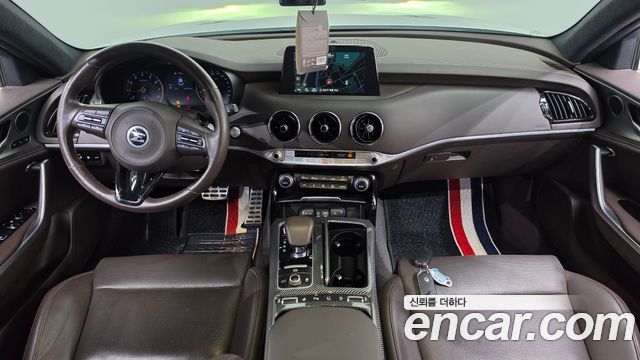 Kia Stinger 2.0 Turbo 2WD Platinum 2019 — фото 7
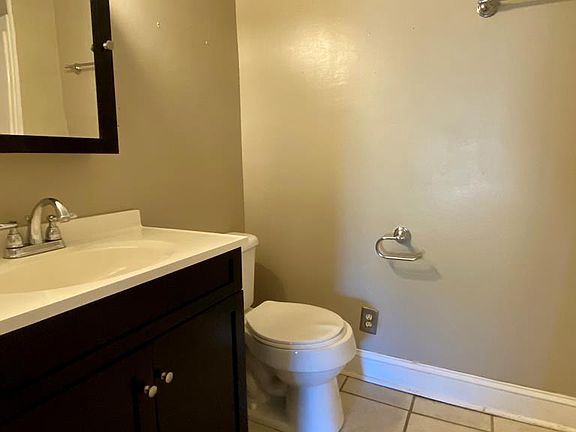 3rd image of 712 Fleetwood Dr
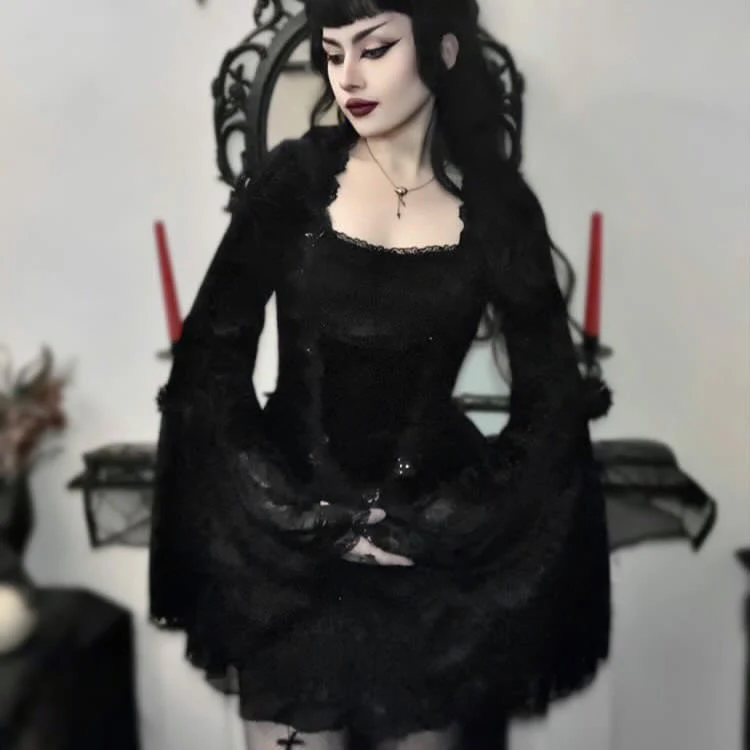 Abito da donna in velluto a strati con maniche svasate gotiche - immagine 2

------

• _PROBLEM DESCRIPTION_: As you output the material, omit the pictures but alter nothing else.

• _COMPLETED EXERCISE_:
 Kia Stinger 2.0 Turbo 2WD Platinum 2019 — фото 7
 3rd image of 712 Fleetwood Dr
 Abito da donna in velluto a strati con maniche svasate gotiche - immagine 2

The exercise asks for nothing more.